/---

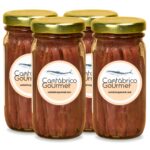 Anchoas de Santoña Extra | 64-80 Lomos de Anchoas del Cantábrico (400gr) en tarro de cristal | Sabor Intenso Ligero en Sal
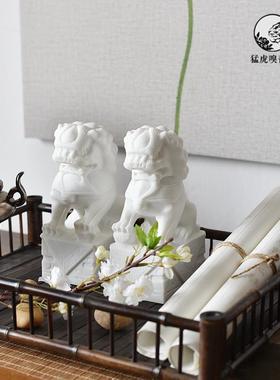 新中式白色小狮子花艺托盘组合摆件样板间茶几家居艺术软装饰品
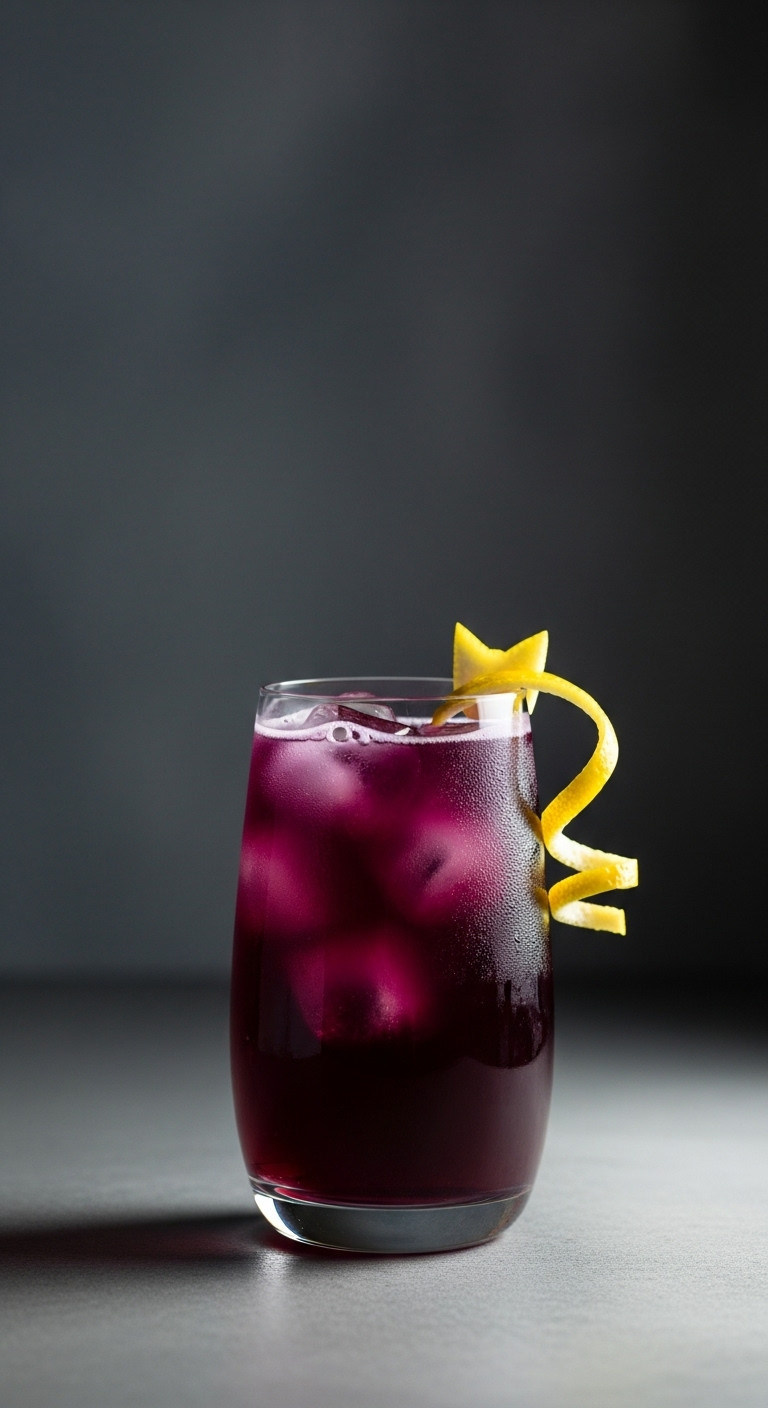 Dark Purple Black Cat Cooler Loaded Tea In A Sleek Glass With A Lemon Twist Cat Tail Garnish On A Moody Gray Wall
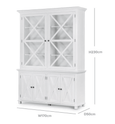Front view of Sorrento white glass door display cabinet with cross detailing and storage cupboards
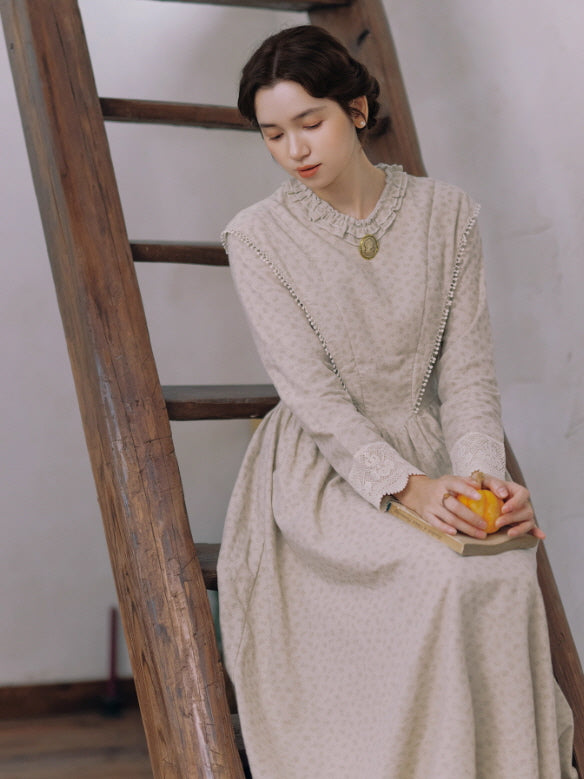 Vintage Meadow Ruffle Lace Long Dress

\---

What to work on -
Could you restate exactly the lines from the line containing "新中式白色小狮子花艺托盘组合摆件样板间茶几家居艺术软装饰品" through the end of the listing, both ends included and nothing else, leaving the images out?

Task output -
 新中式白色小狮子花艺托盘组合摆件样板间茶几家居艺术软装饰品
 Dark Purple Black Cat Cooler Loaded Tea In A Sleek Glass With A Lemon Twist Cat Tail Garnish On A Moody Gray Wall
Front view of Sorrento white glass door display cabinet with cross detailing and storage cupboards
 Vintage Meadow Ruffle Lace Long Dress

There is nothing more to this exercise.